Prometheus alerts mapping #34

bzurkowski · 2020-04-02T07:33:17Z

Prometheus provides a comprehensive set of alerting rules for Kubernetes such as:

KubeContainerWaiting
KubeDaemonSetNotScheduled
KubeAPIErrorsHigh

Open RCA enables connecting some of these alerts to elements present in the infra graph by using a mapping file. The entries in the file are of the form:

- name: KubePodCrashLooping
    source_mapping:
    origin: kubernetes
    kind: pod
    properties:
        name: pod
        namespace: namespace

The example above describes that whenever there is a KubePodCrashLooping alert detected, it should be mapped to graph element of kubernetes origin and pod kind, and connected to an element with properties name and namespace with values fetched from labels in alert payload, named correspondingly pod and namespace.

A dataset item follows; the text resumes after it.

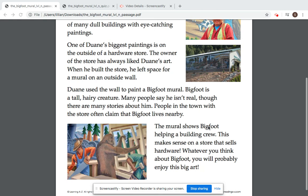The mural shows Bigfoot helping a building crew. This makes sense on a store that sells hardware. Whatever you think about Bigfoot, you will probably enjoy this big art.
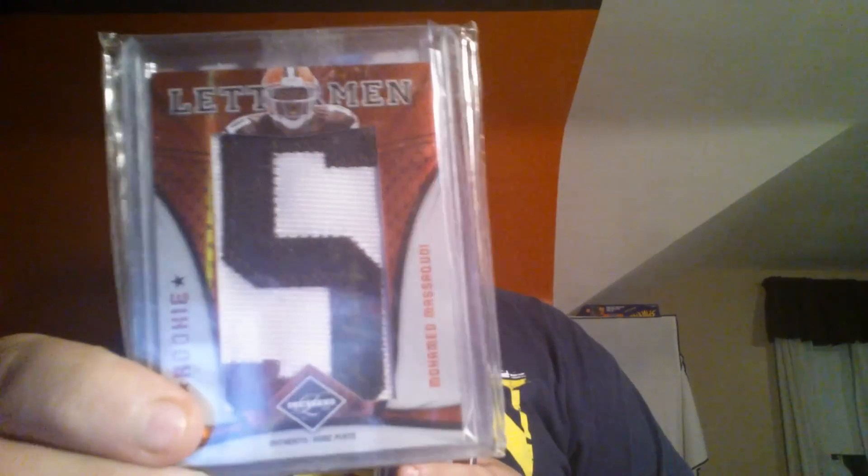The final pack will include an Adrian Peterson numbered out of 50, Robert Turban, and a Muhammad Massaquoi letterman which is technically a one-of-one because it's number four of nine and there are nine letters in his last name — so pretty sure it's a one of one — and some other things as well to round it out.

The mapping file is not complete. There is still a significant number of alerts that Open RCA cannot recognize. The remaining alerting rules should be reviewed and integrated into the mapping.

The text was updated successfully, but these errors were encountered:

aleksandra-galara · 2020-04-03T11:37:52Z

bzurkowski · 2020-04-03T12:29:37Z

@aleksandra-galara Thanks for preparing the list. Very helpful! 👍 Let's keep it up to date as the support for new alerts is added to the mapping.

In the next iteration we should focus on the following items:

Kubernetes control plane:
- KubeAPIDown
- KubeSchedulerDown
- KubeControllerManagerDown
Kubernetes jobs:
- KubeCronJobRunning
- KubeJobCompletion
- KubeJobFailed
Kubernetes resources:
- KubeCPUOvercommit
- KubeMemOvercommit
- KubeQuotaExceeded
Node timing:
- NodeClockSkewDetected
- NodeClockNotSynchronising
Version semantics:
- KubeVersionMismatch

aleksandra-galara · 2020-04-13T21:16:25Z

Hi,
I've mapped and tested first part of the alerts. And for now I'm working on alerts triggered by Prometheus components.
Hope to finish mapping&testing all of the alerts from the list soon!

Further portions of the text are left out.